Home Food & Drink Publisher Platforms: A Movement Towards Editoriality and Radical Transparency

Publisher Platforms: A Movement Towards Editoriality and Radical Transparency

Publisher Platforms: A Movement Towards Editoriality and Radical Transparency

For over 30 years I have been beating the same drum and the past few days have been no exception.

I’ve been posting about public health officials and the FDA sending out outbreak documents with the names of companies, growers, processors and retailers in black behind gray boxes. My position has not changed over the past 30 years. Most of those edits should never have been made in the first place. Naturally, readers responded.

I welcome the backlash. Some of it is thoughtful. I agree with some of this. So, rather than just leaving my inbox to respond to your arguments about secrecy, let me put them all on the table – every justification for non-disclosure I’ve heard over the years – and tell you exactly what I think about each one.
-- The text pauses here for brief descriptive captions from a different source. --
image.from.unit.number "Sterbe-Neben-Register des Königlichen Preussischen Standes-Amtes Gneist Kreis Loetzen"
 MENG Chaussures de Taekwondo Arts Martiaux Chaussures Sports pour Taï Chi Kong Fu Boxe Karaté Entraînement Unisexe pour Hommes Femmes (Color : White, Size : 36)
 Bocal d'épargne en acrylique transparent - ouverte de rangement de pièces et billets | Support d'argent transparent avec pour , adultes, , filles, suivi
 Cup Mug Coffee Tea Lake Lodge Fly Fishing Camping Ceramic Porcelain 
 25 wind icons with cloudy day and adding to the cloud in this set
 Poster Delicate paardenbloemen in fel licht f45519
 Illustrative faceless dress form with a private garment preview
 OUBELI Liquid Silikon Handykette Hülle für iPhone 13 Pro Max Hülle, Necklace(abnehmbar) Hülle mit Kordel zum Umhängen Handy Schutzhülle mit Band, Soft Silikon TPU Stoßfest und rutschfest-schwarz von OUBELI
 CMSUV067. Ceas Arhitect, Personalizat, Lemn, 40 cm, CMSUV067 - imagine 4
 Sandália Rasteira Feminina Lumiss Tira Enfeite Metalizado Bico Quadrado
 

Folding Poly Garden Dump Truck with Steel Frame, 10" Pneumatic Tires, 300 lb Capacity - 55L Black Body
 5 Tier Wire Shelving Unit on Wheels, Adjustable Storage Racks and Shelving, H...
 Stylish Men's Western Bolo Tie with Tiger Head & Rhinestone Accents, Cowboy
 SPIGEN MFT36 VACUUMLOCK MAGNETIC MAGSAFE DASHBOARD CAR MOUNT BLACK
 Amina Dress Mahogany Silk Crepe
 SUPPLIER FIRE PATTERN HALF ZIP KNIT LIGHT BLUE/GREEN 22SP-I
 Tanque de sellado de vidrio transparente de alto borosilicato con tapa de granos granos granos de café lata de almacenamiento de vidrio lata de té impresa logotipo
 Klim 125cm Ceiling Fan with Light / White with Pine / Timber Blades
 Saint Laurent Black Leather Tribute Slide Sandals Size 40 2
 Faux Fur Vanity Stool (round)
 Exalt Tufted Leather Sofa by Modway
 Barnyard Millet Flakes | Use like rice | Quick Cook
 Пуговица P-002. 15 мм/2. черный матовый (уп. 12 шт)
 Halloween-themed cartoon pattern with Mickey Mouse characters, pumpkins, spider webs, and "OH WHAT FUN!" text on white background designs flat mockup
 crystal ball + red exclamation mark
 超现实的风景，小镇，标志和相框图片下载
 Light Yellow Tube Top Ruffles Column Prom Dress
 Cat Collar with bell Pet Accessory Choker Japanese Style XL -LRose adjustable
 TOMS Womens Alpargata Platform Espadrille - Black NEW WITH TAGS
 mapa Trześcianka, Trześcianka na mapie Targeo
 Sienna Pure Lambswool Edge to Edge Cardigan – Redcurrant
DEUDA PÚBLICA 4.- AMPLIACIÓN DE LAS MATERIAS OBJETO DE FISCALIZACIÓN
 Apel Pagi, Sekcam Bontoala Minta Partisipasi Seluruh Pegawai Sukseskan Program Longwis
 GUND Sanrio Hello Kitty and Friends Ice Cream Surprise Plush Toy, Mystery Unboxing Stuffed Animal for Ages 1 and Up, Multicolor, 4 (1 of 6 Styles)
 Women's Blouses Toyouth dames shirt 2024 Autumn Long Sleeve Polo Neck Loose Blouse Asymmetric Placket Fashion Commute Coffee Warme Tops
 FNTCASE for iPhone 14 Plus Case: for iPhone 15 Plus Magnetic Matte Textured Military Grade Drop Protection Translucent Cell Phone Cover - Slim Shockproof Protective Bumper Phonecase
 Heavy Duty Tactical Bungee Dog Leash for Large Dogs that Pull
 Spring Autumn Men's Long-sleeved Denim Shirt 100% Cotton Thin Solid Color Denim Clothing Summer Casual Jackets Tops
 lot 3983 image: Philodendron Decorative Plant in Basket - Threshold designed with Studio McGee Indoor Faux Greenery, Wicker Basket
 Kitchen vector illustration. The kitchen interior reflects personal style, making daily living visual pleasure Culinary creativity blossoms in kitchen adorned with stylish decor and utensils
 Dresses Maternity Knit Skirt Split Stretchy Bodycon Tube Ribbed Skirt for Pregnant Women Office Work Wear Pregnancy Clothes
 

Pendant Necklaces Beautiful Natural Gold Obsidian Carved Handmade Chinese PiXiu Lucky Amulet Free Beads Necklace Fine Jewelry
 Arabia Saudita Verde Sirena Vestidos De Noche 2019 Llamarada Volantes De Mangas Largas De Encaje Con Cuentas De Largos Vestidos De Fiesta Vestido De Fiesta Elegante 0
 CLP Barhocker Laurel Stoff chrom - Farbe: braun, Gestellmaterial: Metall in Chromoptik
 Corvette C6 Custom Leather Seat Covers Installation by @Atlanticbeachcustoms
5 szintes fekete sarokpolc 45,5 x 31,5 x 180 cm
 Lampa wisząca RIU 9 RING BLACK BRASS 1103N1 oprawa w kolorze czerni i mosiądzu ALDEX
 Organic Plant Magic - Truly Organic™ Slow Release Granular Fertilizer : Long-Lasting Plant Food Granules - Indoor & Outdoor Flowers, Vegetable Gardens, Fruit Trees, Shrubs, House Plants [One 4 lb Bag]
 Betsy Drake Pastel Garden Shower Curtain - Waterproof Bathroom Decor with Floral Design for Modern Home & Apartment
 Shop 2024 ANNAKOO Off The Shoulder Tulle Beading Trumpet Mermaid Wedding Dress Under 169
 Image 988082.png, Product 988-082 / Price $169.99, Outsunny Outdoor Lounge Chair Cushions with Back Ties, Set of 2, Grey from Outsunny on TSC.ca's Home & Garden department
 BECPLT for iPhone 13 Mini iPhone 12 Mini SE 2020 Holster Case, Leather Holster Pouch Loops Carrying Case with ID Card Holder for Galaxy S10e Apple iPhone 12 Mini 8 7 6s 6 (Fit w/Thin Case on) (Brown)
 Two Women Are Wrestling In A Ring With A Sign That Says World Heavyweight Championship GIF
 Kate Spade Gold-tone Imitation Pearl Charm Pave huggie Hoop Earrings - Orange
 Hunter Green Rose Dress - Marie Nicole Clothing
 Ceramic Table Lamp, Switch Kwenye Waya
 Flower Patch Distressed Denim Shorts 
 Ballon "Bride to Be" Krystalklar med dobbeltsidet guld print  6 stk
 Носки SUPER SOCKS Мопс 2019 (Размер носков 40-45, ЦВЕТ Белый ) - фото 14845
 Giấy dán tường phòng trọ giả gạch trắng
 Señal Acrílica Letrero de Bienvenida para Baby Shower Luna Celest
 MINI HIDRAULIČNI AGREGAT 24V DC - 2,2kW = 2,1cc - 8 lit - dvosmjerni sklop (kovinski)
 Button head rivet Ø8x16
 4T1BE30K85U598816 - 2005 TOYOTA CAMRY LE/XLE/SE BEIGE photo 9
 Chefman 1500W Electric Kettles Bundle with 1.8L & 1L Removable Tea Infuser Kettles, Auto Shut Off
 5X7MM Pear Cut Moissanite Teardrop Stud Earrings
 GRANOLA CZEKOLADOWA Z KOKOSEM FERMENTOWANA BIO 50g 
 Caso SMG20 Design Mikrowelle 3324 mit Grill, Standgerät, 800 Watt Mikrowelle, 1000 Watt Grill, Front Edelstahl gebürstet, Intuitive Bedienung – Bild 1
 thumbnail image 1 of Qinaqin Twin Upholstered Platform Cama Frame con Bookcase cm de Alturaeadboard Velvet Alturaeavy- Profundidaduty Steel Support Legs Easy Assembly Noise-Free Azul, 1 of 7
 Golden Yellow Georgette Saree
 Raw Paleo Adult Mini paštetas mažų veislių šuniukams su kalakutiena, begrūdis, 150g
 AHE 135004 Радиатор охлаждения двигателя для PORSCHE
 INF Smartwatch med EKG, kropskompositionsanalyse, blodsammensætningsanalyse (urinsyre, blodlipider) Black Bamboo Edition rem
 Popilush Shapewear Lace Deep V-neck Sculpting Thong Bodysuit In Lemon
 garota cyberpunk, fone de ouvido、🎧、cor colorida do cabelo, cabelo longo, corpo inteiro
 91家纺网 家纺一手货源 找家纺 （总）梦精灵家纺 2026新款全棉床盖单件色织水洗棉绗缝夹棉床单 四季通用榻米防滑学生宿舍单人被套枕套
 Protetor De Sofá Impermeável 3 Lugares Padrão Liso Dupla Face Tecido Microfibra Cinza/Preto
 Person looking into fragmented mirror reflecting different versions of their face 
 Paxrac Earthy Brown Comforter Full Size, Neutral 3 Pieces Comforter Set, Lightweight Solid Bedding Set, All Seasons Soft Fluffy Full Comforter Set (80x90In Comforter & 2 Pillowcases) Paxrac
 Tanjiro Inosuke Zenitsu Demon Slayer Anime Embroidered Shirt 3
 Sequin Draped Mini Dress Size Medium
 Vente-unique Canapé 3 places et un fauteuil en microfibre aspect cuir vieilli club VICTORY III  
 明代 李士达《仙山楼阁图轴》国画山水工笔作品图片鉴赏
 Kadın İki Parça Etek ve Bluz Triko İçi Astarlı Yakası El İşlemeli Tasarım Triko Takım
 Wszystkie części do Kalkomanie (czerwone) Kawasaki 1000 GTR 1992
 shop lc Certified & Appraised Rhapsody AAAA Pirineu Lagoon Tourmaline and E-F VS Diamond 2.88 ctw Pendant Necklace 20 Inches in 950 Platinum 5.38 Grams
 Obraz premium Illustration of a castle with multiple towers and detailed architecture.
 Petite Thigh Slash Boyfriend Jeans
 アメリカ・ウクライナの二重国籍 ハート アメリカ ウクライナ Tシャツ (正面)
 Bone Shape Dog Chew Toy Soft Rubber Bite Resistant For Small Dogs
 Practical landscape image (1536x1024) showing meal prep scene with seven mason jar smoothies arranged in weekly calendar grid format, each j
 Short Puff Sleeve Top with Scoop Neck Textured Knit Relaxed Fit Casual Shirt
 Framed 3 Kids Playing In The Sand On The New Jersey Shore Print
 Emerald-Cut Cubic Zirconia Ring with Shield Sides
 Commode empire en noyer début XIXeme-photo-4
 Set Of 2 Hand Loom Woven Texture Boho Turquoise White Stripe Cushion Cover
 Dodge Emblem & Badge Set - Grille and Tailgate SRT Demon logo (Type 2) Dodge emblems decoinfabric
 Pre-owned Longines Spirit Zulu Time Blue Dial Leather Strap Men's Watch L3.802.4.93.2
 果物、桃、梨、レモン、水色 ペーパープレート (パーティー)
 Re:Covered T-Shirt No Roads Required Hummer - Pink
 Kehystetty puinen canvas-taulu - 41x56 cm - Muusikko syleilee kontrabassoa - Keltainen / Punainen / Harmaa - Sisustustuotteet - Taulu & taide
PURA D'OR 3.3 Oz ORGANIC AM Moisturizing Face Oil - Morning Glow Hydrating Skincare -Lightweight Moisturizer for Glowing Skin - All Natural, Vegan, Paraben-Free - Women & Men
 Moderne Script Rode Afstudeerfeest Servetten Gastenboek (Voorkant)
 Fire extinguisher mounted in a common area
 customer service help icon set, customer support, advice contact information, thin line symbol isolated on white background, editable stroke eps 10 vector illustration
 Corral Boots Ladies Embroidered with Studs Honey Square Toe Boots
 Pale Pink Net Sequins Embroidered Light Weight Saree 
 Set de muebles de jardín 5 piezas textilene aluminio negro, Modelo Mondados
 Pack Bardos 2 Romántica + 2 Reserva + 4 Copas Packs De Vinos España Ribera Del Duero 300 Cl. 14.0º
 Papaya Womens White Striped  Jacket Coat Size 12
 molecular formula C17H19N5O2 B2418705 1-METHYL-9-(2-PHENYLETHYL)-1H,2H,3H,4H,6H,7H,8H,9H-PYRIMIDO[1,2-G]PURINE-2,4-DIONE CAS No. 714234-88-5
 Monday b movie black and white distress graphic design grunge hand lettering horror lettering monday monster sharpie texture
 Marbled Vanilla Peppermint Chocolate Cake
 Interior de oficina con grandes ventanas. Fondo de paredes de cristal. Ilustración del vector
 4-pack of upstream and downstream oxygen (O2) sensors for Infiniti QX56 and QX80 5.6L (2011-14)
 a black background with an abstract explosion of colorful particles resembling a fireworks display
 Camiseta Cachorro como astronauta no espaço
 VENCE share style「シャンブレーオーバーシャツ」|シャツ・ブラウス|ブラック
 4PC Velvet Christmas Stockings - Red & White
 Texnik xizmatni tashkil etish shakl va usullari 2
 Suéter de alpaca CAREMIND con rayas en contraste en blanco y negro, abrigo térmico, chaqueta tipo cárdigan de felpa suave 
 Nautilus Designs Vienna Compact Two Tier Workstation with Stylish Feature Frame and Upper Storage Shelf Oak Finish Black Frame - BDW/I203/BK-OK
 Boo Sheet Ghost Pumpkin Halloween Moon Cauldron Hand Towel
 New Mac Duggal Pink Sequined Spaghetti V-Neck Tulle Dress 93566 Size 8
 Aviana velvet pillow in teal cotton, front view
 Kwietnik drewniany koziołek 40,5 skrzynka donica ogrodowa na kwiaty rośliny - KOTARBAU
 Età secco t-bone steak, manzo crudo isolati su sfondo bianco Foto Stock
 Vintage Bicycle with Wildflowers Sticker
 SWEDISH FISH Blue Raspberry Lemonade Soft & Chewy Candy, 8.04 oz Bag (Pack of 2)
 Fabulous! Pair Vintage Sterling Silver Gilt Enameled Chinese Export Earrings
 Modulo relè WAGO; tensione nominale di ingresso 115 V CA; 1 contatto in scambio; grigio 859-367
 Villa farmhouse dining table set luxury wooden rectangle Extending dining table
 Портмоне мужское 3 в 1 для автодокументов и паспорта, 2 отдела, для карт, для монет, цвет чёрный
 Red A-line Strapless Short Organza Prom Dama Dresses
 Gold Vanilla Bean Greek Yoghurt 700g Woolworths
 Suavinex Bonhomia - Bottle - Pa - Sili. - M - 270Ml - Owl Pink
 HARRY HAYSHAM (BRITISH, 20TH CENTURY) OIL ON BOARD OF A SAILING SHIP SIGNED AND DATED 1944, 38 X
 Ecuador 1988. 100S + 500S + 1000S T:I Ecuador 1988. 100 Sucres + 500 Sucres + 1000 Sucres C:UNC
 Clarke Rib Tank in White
“There is no written policy, but this is how we have worked for many years.”

I keep hearing my mother’s voice. “Just because so-and-so does it doesn’t mean you have to do it too.” Practices are not policies and “we’ve always done it this way” are not reasons. Like all government habits (and, let’s be honest, like anything you wear around your neck), change is a good thing.

“The outbreak is over, so there is no immediate public health threat.”

To be honest, this is true of most foodborne illness outbreaks. In almost every outbreak I have seen, the cause was discovered long after the peak of the disease had passed. But that misses the point of disclosure. Informing the public who grew, processed and sold contaminated food will not only help prevent today’s outbreaks, but also provide consumers with a track record so they can know which companies have strong food safety records and which companies keep appearing in the same sad stories.

“Naming the company jeopardizes our cooperation on this and future outbreaks.”

If a company cooperates only on the condition of participation in a witness protection program and a promise of permanent anonymity, that tells you everything you need to know about their commitment and our government’s commitment to safe food. Cooperation purchased in secret is not cooperation. These are hostage negotiations where the public never gets a seat at the table.

“A bad reputation can cause economic hardship for a company.”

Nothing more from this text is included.